A mulher disse isso para mim em um micro-ônibus lotado como se me conhecesse há anos. Quase ri, mas algo nos olhos dela me congelou.

Meu nome é Daniela Vargas. Tenho trinta e cinco anos e trabalho como assistente contábil em uma empresa de construção no norte da Cidade do México.

Minha vida era rotina. Silenciosa. Exaustiva.

Noites longas no escritório, ônibus lotados para voltar para casa, um pequeno apartamento alugado em um bairro onde todos sabiam mais do que deveriam.

Por fora, meu casamento com Mauricio parecia normal.

Estávamos juntos há oito anos. Sem filhos. Contas compartilhadas. Espaço compartilhado.

Mas, pouco a pouco, deixamos de compartilhar qualquer outra coisa.

Primeiro vieram as noites fora de casa.
Depois as ligações no corredor.
O telefone sempre virado para baixo.
Banhos longos assim que chegava em casa.

Nada disso era prova concreta.

Então fiquei em silêncio.

Como muitas mulheres, confundi paciência com amor… e rotina com estabilidade.

Naquela tarde, o micro-ônibus estava cheio. Cedi meu lugar a uma senhora idosa carregando sacolas e apoiada em uma bengala.

Antes de descer, ela segurou meu pulso.

“Quando seu marido te der um colar, deixe-o em um copo de água durante a noite.”

“Não confie no que brilha.”

Quis perguntar o que ela queria dizer, mas ela já havia ido embora.

Quando cheguei em casa, quase havia esquecido do episódio.

Às 23h15, Mauricio entrou sorrindo — um sorriso que eu não via há meses.

Ele segurava uma pequena caixa azul.

“Isso é para você”, disse.

Fiquei paralisada.

Mauricio não era do tipo atencioso.

Dentro da caixa havia um colar de ouro com um pingente em forma de gota.

Era lindo.

Demais para o que podíamos pagar.

“Coloque-o”, disse. “Quero ver você usando.”

Não era o que ele disse.
Era como ele disse.

Não era romântico.
Era urgente.

“Vou experimentar mais tarde”, respondi.

O sorriso dele se fechou. “Não demore.”

Quando ele foi para o quarto, fiquei na cozinha, olhando para o colar como se estivesse vivo.

Então me lembrei da senhora.

Sentindo-me boba, enchi um copo com água e coloquei o colar dentro.

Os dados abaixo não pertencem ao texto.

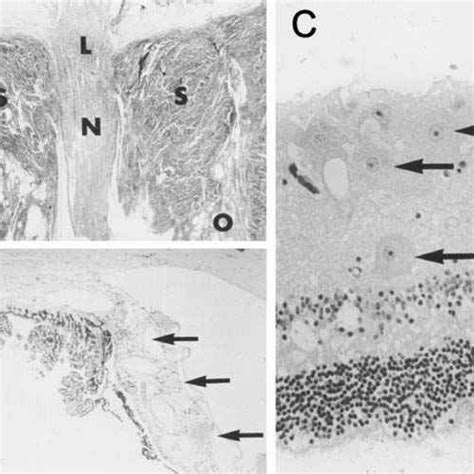 Microanatomy of the sperm whale eye. (A) Longitudinal section of the ...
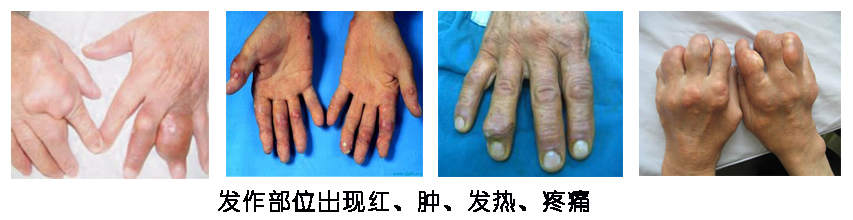 痛风是什么原因导致的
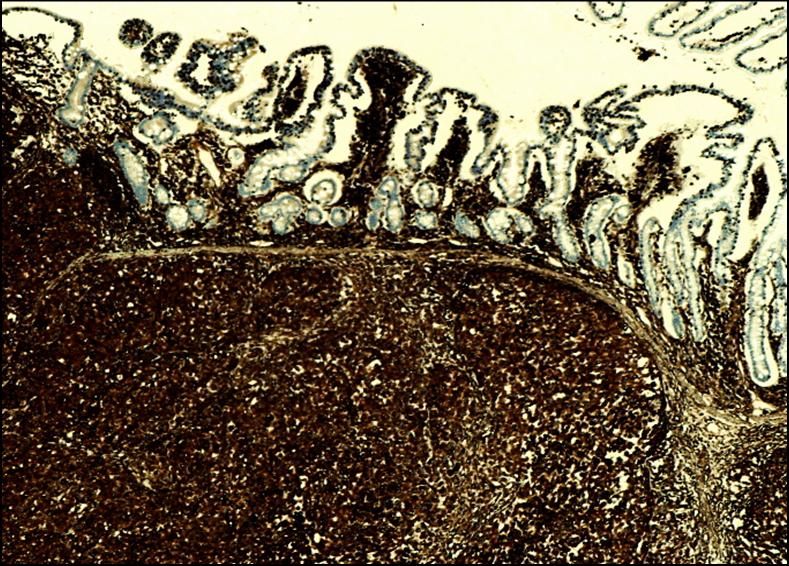 FIGURA 7D - Positividad de la neoplasia para vimentina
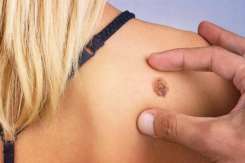 Cancerul de piele nu e doar de la alunițe, ci poate fi și orice leziune care nu se vindecă în 6 săptămâni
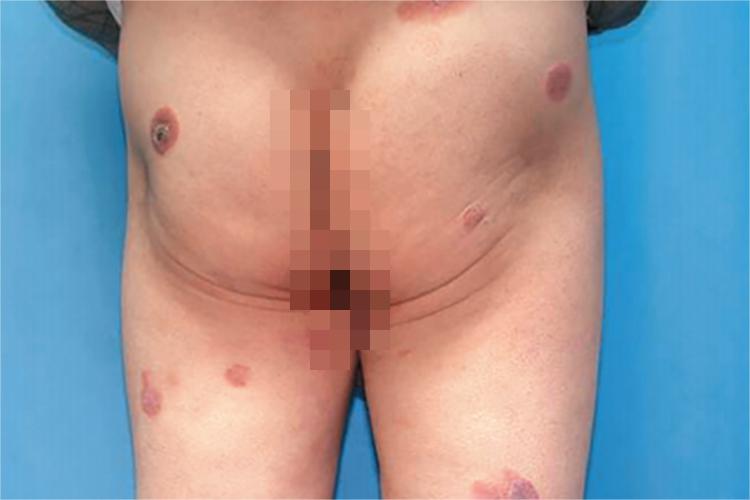 蕈样肉芽肿斑块期图 蕈样肉芽肿斑块期图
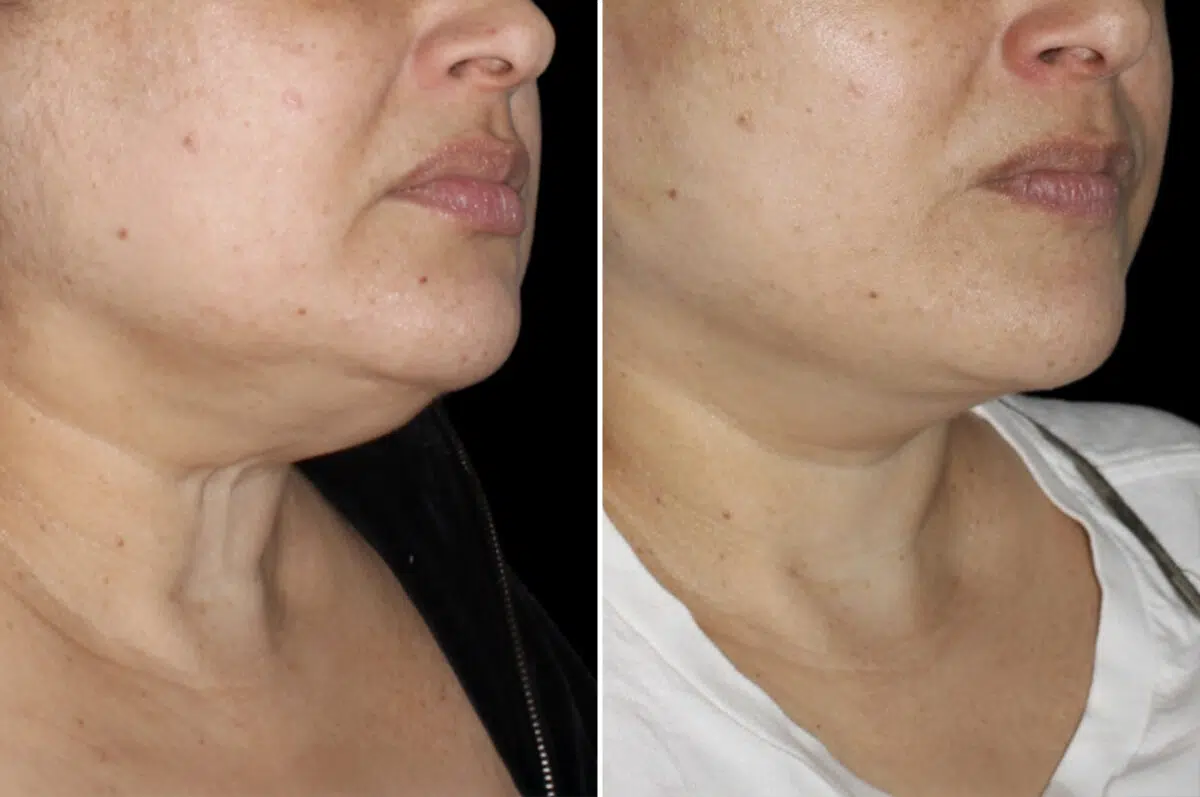 Patient 4049, Facelift & Necklift Before and After Photos Facelift & Necklift Before and After Photos in CA, Irvine, Patient 4049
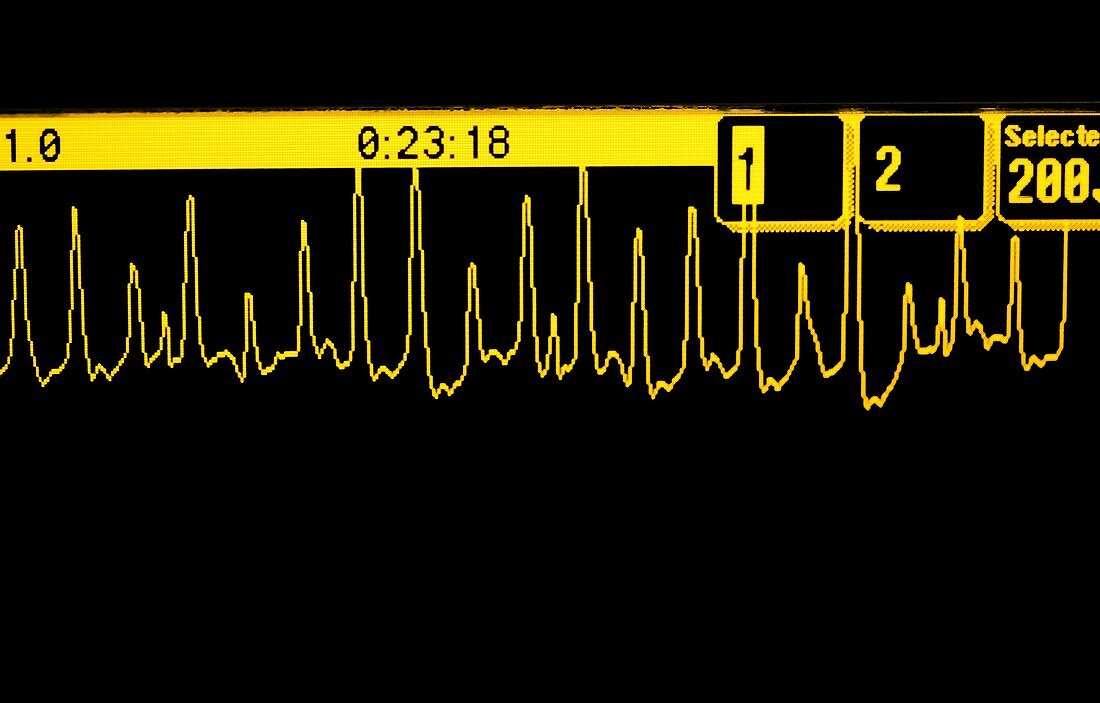 ECG trace of a heart attack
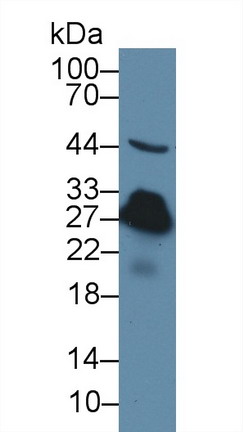 Polyclonal Antibody to C Reactive Protein (CRP)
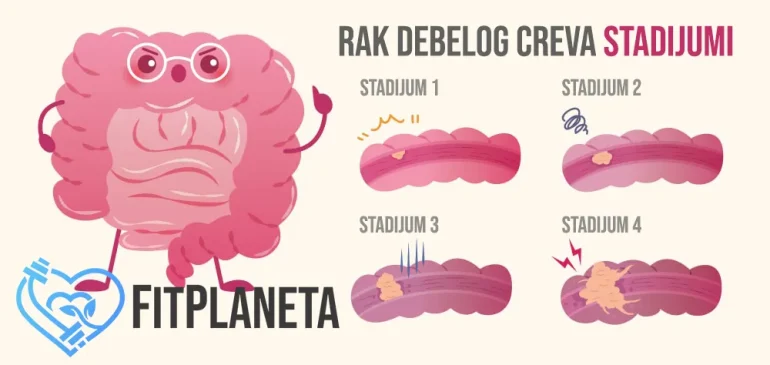 Tumor debelog creva Stadijumi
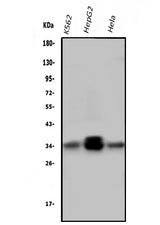 Anti-PPT1 Antibody Picoband® (monoclonal, 10F3 Boster Bio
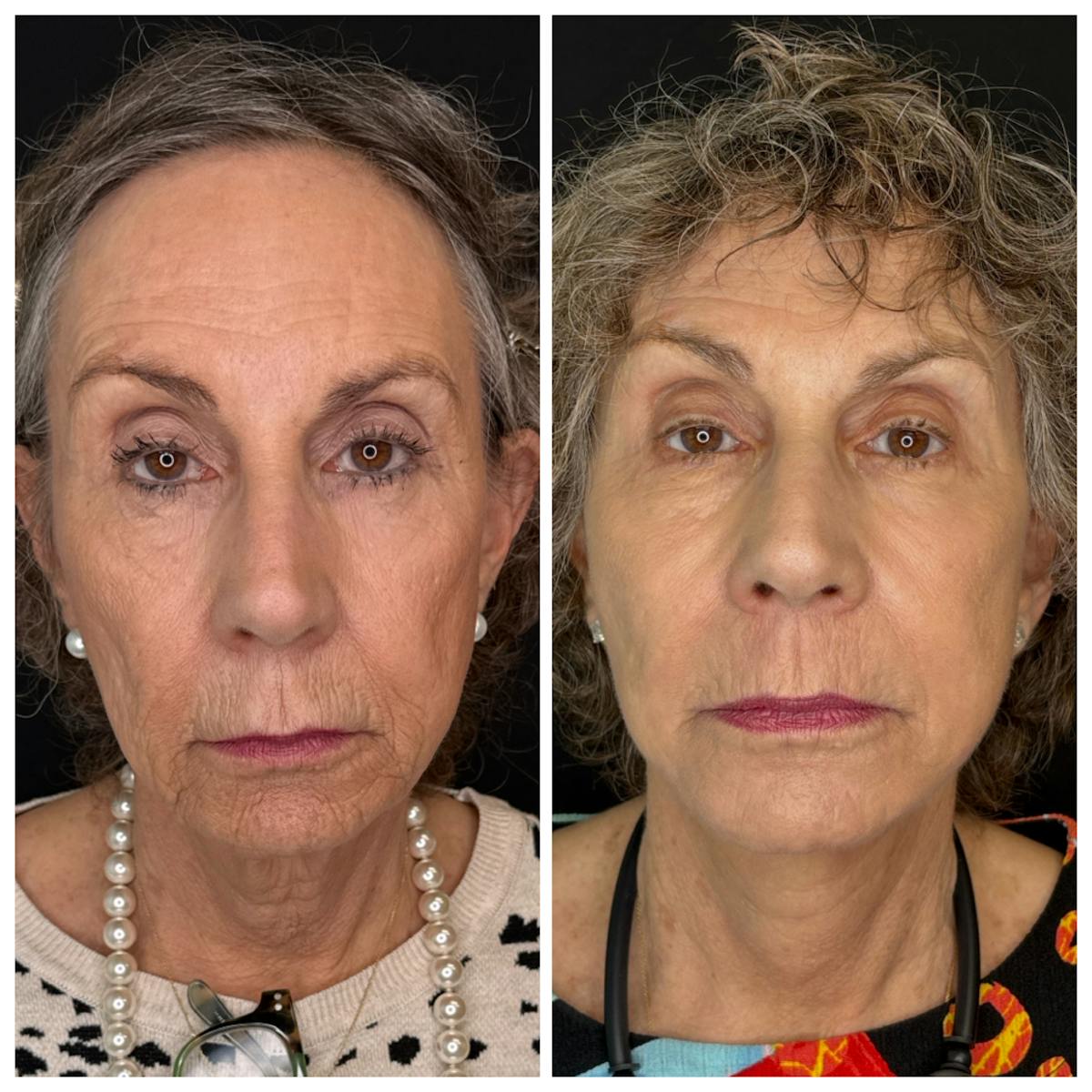Laser Resurfacing Before & After Gallery - Patient 350362 - Image 1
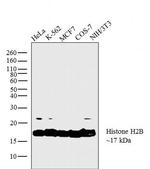 Histone H2B Antibody in Western Blot (WB)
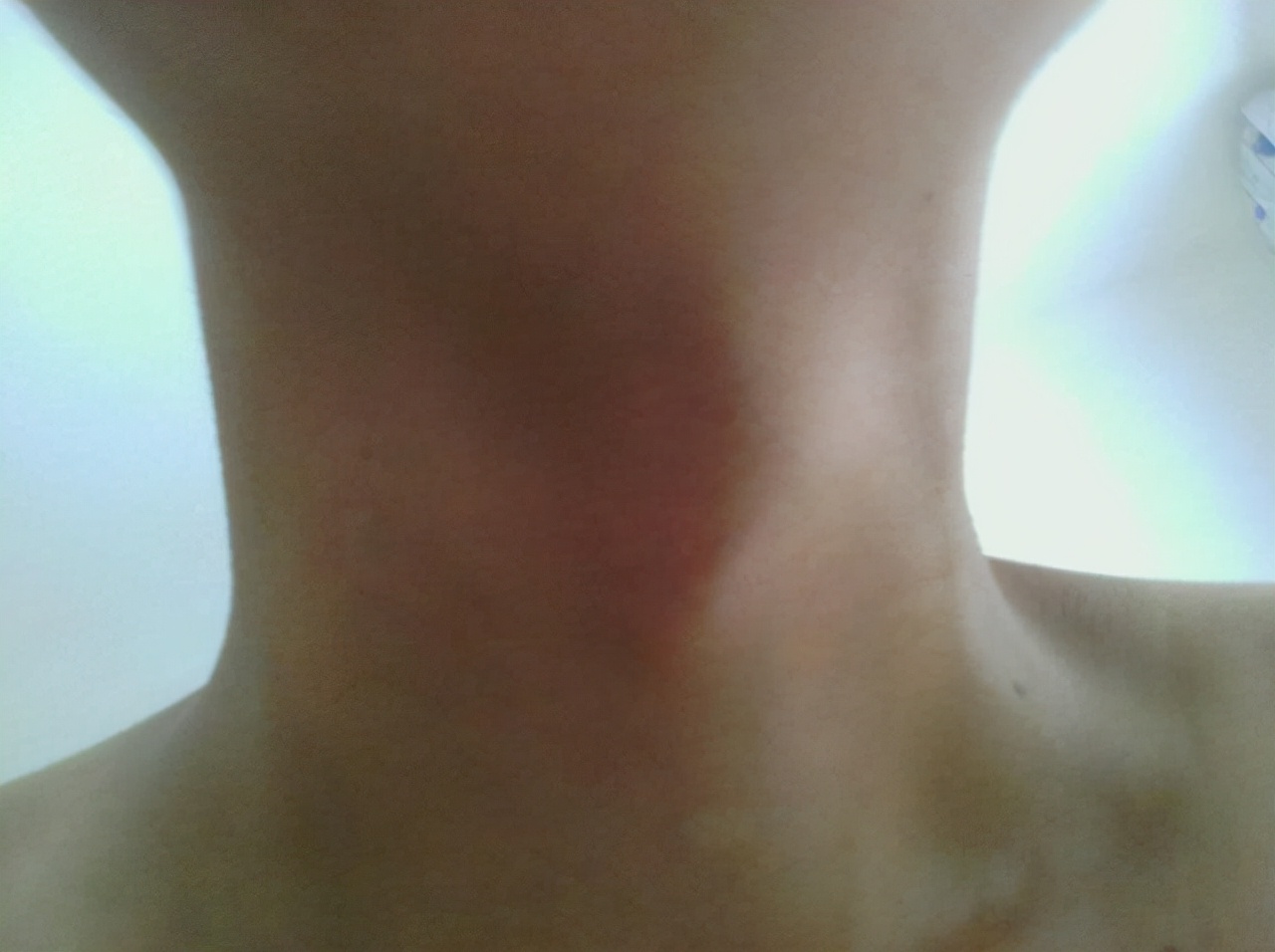 男生喉结看不出来怎么回事,关于男生喉结不能摸的小视频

Naquela noite, não consegui dormir.

Às seis da manhã, um cheiro estranho me acordou — metálico, azedo, como moedas molhadas.

Caminhei descalça até a cozinha… e congelei.

A água não estava mais clara.

Tornou-se espessa e esverdeada.

O pingente havia se partido.

No fundo do copo havia um pó cinza… e uma tira de metal dobrada.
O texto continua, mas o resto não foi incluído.